From EETimes: Servergy Inc. and Rex Computing debuted low power server architectures using Power and Adapteva processors, respectively, at the Facebook-led Open Compute Summit here. The two startups are the latest vendors leveraging the push for low power in big datacenters to disrupt Intel's dominance in servers.

Servergy showed its 32-bit CT-1000 server using the eight-core Freescale P4080, and said it will roll a 64-bit system later this year using the Freescale P4240. Rex showed a prototype server using 32 ARM Cortex A9 cores embedded in Xilinx Zynq FPGAs working beside Adapteva Epiphany III chips as co-processors. It plans a 64-bit version using ARM Cortex A53 cores and Epiphany IV co-processors.

As many as a dozen companies are working on ARM server SoCs in hopes of gaining an edge over the Atom-based SoCs Intel is now shipping. Servergy and Rex both emerge from a sort of high tech left field with their options.

Servergy is "bucking the trend" toward ARM by choosing the 1.5 GHz Power-based communications SoC from Freescale, said Bill Mapp, founder and chief executive of the four-year-old startup. Even Freescale and other comms chip makers are increasingly migrating to ARM.

The Servergy CT-1000 aims to pack a lot of I/O in a small space. It supports two 10 Gbit and two Gbit Ethernet links and fits into a fourth of a 1U-sized rack consuming about 100 W under full load.

The system includes encryption, network offload, and pattern-matching accelerators as part of an overall system architecture implemented in FPGAs.

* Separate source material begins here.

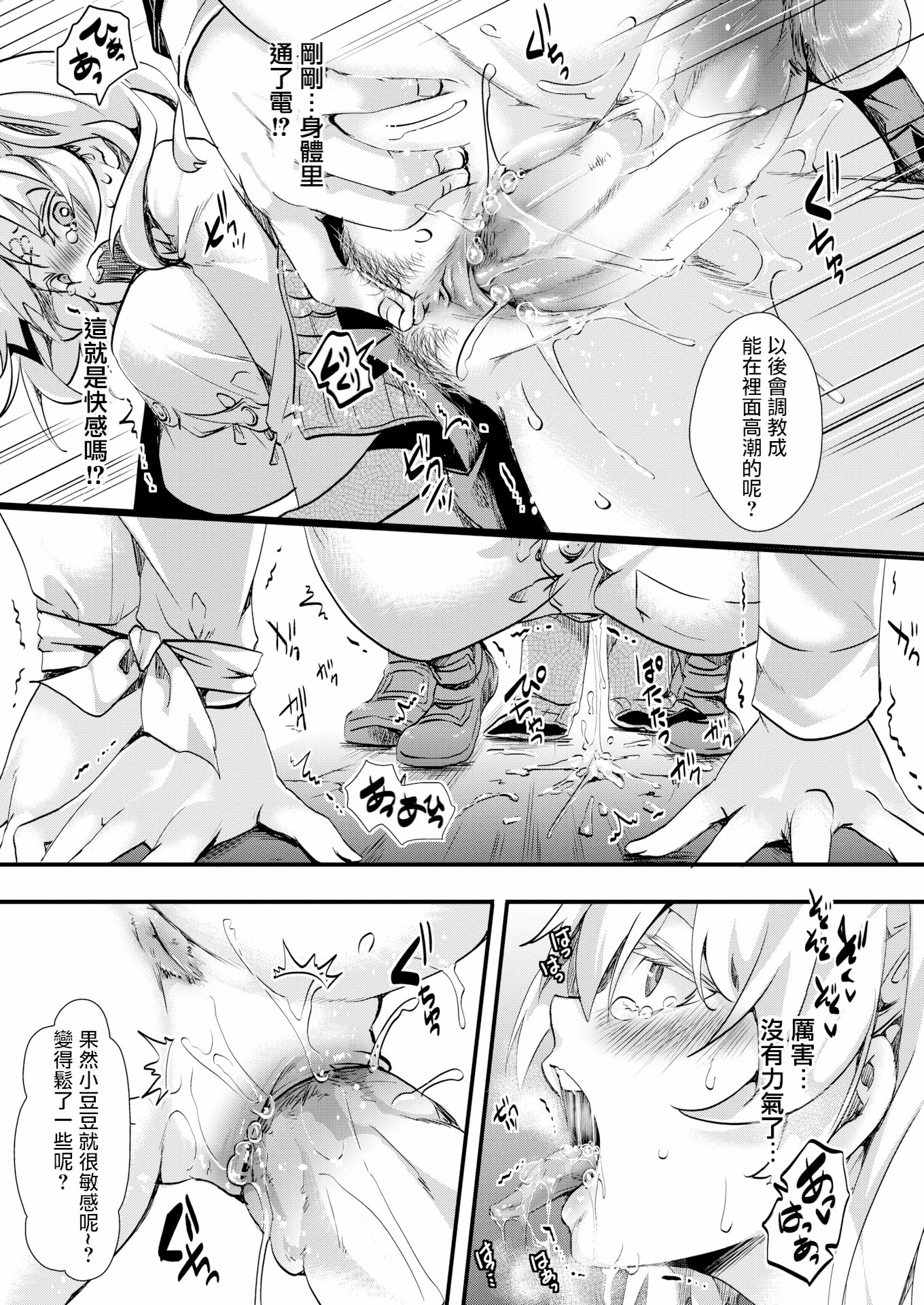 GalSyn！ （無修正）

It is protected by 15 issued patents and geared for a variety of embedded applications in addition to use as a big-data server.

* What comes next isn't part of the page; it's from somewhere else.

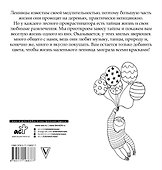 Пофиг на все. Ленивец style - 1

"We're an innovation lab, and our technology can be applied to all sorts of areas including storage going forward," said Mapp.

The company has taken on about $26 million in financing to date. Its 32-bit system faces an uphill fight given startup Calxeda pulled the plug on its 32-bit ARM server SoCs last year with several 64-bit chips expected to sample from multiple vendors in 2014.